Melissa Abbott, director of trends and culinary insights for The Hartman Group, and Jarrett Paschel, vice president of strategy and innovation for the Bellevue, Washington–based consumer research firm, composed the webcast, entitled “Consider Choice.”
“Because of the role of choice, we are no longer constrained to a world in which our choices are about physical things,” Paschel said in the webcast. “Increasingly, we have the leisure time and financial time to live within whatever world our imaginations and choices can invent.”
Paschel said people tend to complain about how little free time they have anymore, but that in fact people have more free time today than they ever have had in the past. The complaints stem from the fact that their ability to choose what they want to fill their time with has led to an overabundance of things on the schedule.

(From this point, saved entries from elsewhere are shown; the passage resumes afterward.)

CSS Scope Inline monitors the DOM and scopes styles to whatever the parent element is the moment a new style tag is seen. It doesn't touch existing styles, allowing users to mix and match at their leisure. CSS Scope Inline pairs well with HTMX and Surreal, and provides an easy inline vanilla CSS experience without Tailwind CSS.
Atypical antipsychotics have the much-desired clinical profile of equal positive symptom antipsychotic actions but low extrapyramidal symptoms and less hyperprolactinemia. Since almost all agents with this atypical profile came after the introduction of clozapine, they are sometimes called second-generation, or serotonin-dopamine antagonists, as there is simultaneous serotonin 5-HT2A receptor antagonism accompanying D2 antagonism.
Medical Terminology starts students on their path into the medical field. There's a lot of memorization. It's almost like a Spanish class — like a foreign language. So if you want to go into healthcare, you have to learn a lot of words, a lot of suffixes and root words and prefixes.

The power of choice has also led to the pickiness over what foods to eat, while only a few generations ago people were lucky enough just to eat, he said.

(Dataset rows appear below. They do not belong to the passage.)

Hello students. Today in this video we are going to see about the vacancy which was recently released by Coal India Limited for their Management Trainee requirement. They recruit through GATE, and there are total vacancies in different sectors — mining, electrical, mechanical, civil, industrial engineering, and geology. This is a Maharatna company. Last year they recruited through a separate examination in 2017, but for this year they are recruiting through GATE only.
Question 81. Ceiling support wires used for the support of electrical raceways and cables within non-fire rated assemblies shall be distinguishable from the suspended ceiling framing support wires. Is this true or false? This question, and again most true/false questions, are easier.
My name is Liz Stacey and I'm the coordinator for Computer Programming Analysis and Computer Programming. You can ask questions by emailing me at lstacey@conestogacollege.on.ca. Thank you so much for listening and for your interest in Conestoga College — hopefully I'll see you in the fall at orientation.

“It is only now in our era of vast wealth and excess time that we find ourselves able to question, investigate, obtain, or refashion the kinds of foods that we prefer to eat,” he said.
The researchers suggested that people today live in a world in which they’re constantly “reimagining” things because they have the choice to do so.
But they also said that reflection on choices that are made only happens after the fact.
“Processed foods only became problematic when seen through the lens of the future looking backward,” Paschel said. “So if processed foods are now held in contempt, one wonders what our grandchildren will think about our preferences for fresh food, local tomatoes, back-yard chickens, and artisanal cheeses?”
Abbott compared the phenomenon to today’s view of the world in which the TV show Mad Men is set: the 1960s, when drinking and smoking at the office was common.
“One wonders how Don Draper’s colleagues would react if we traveled back in time and told them to put away their cigarettes and their booze,” she said, noting that the trends highlighted in Mad Men are taboo today.
“When choices move from the personal to the collective, over time we tend to view such choices with a sense of morality. We mask the fact that they are still choices.”
The take-home point for the need to understand how consumers abuse choice, Abbott said, is that there is power behind knowing not just what consumers choose to do, but why they choose to do what they do.
“The more we think critically about choice, the more we become aware of the constraints that unnecessarily limit innovation,” she said.